The Amending Law has implemented the penalties provided for by the Amending Directive. In case of failure to make public or notify regulated information or notify the acquisition or disposal of a major holding within the required time limit, the CSSF may impose the following administrative pecuniary sanctions:
(i) in case of legal entities, fines may reach the higher of (i) 10,000,000 euros or 5% of their annual turnover (on a consolidated basis for groups) or (ii) twice the amount of the profits gained or losses avoided because of the breach, where those can be determined;
(ii) in case of individuals, fines may reach the higher of (i) 2,000,000 euros or (ii) twice the amount of the profits or losses avoided because of the breach, where those can be determined.
In the event of non-compliance by a legal entity, sanctions can be applied to the members of its administrative, management or supervisory bodies, and to any other individuals who are responsible for the non-compliance under applicable law.
5. Publication of sanctions:
As required by the Amending Directive, every sanction decision of the CSSF for non-compliance with the Transparency Law shall be published on the CSSF website. The publication shall include the type and nature of the non-compliance and the identity of the individuals and legal entities responsible for therefor.
Such publication may be delayed or be made on anonymous basis (i) where, in the event that the sanction is imposed on an individual, publication of personal data is determined to represent a disproportionate sanction; (ii) where publication would seriously jeopardize the stability of the financial system or an ongoing official investigation; or (iii) where publication would, in so far as it can be determined, cause disproportionate and serious damage to the institutions or individuals involved.

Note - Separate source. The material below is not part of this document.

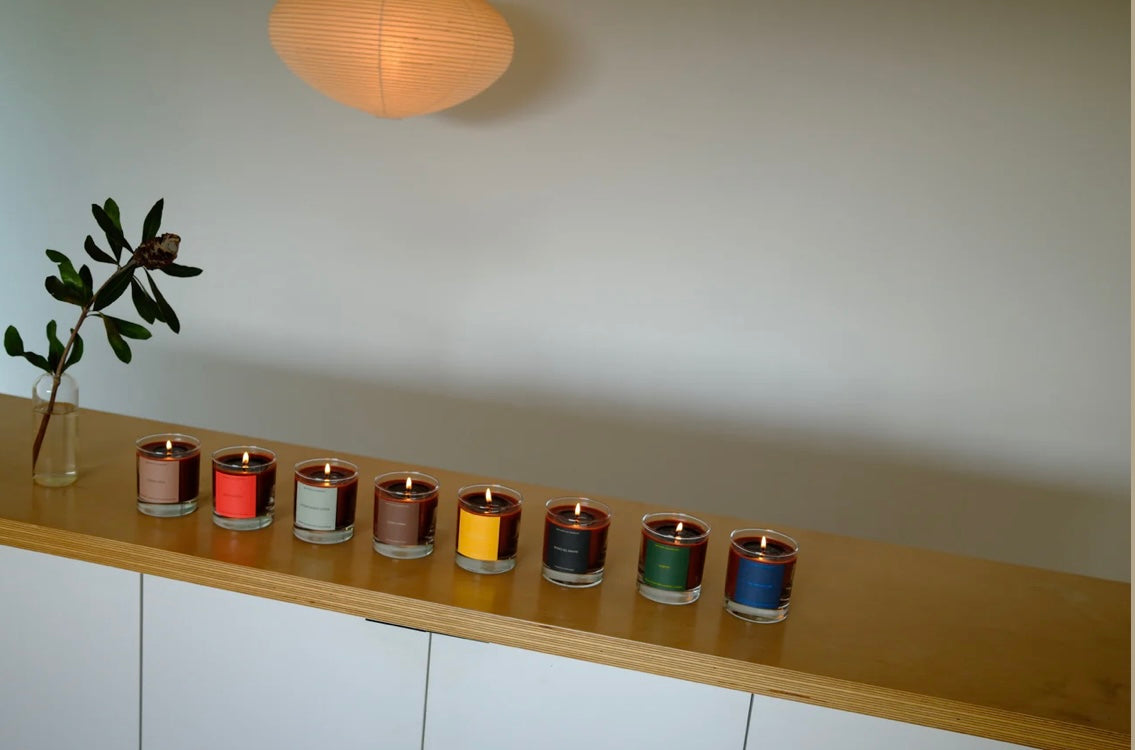 Row of colorful candles on a wooden shelf with a plant and light fixture in the background.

1 Directive 2013/50/EU of the European Parliament and of the Council of 22 October 2013 amending Directive 2004/109/EC of the European Parliament and of the Council on the harmonisation of transparency requirements in relation to information about issuers whose securities are admitted to trading on a regulated market (the “Transparency Directive”), Directive 2003/71/EC of the European Parliament and of the Council on the prospectus to be published when securities are offered to the public or admitted to trading and Commission Directive 2007/14/EC laying down detailed rules for the implementation of certain provisions of Directive 2004/109/EC.
2 Directive 2014/51/EU of the European Parliament and of the Council of 16 April 2014 amending Directives 2003/71/EC and 2009/138/EC and Regulations (EC) No 1060/2009, (EU) No 1094/2010 and (EU) No 1095/2010 in respect of the powers of the European Supervisory Authority (European Insurance and Occupational Pensions Authority) and the European Supervisory Authority (European Securities and Markets Authority).

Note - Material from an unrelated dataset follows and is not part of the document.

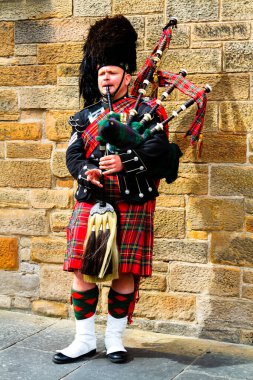EDINBURGH, SCOTLAND, İngiltere - CIRCA AĞUSTust 2016: Geleneksel kırmızı ve siyah ekose elbise giymiş İskoç gaydacı. Edinburgh, İskoçya 'nın en popüler turizm şehri.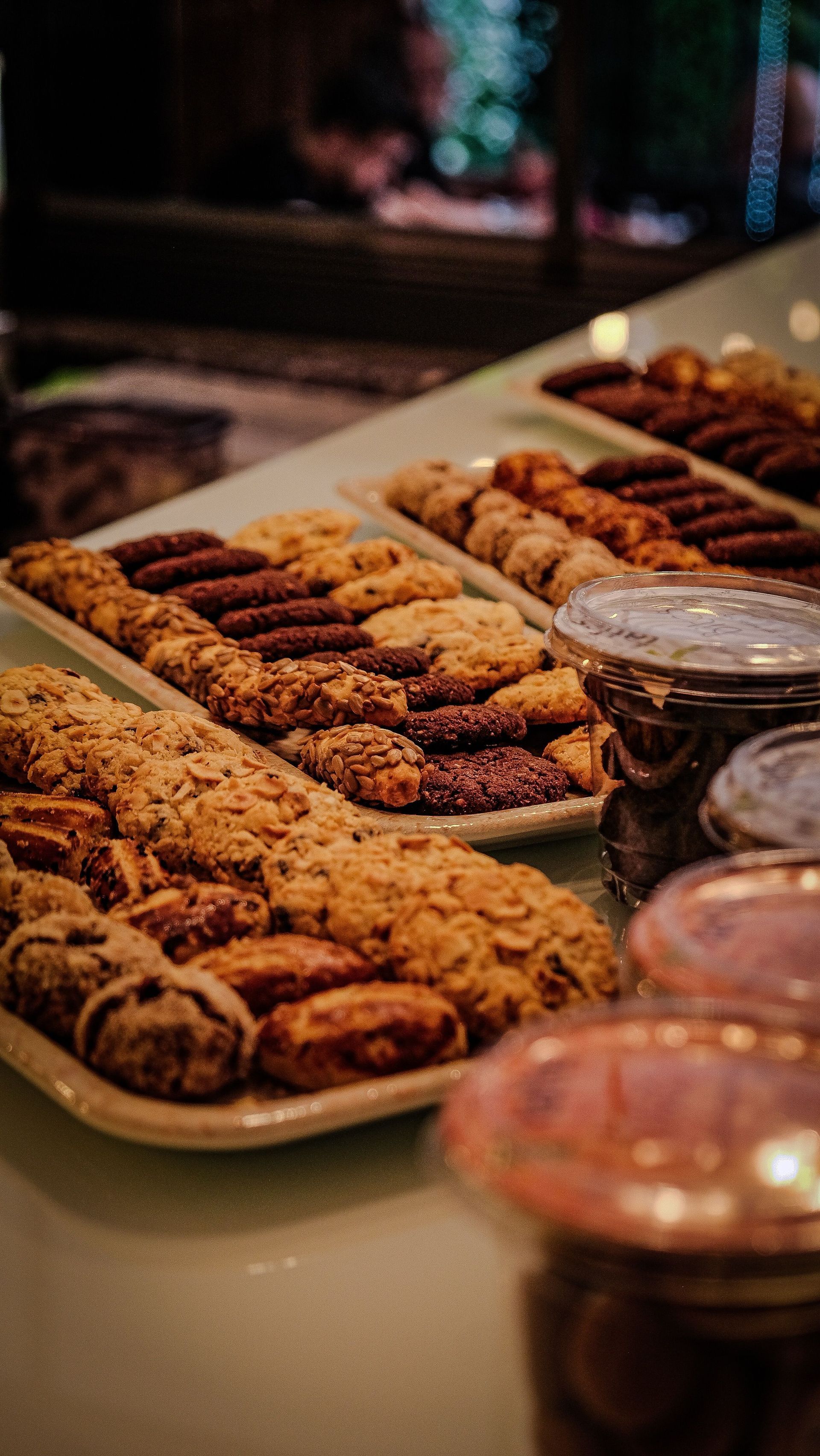 Tray of assorted pastries and cookies on a table, with tongs and bowls in the foreground.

3 Directive 2013/34/EU of the European Parliament and of the Council of 26 June 2013 on the annual financial statements, consolidated financial statements and related reports of certain types of undertakings, amending Directive 2006/43/EC of the European Parliament and of the Council and repealing Council Directives 78/660/EEC and 83/349/EEC.
4 Law of 18 December 2015 amending the law of 10th August 1915 on commercial companies and the law of 19th December 2002 on the register of commerce and the accounting and annual account of undertakings and implementing Directive 2013/34/EU. For the consolidated report: articles 340 ter et seq. of the law of 10 August 1915 on commercial companies. For the stand alone report: article 72 septies of the law of 19 December 2002 on the register of commerce and companies and the accounting and annual accounts of undertakings, as amended.
5 ESMA/2015/1598, Indicative list of financial instruments that are subject to notification requirements according to Article 13(1b) of the revised Transparency Directive, 22 October 2015.
6 Including for issuers which are not listed in Luxembourg.
7 Commission Regulation (EC) No 2273/2003 of 22 December 2003 implementing Directive 2003/6/EC of the European Parliament and of the Council as regards exemptions for buy-back programmes and stabilisation of financial instruments.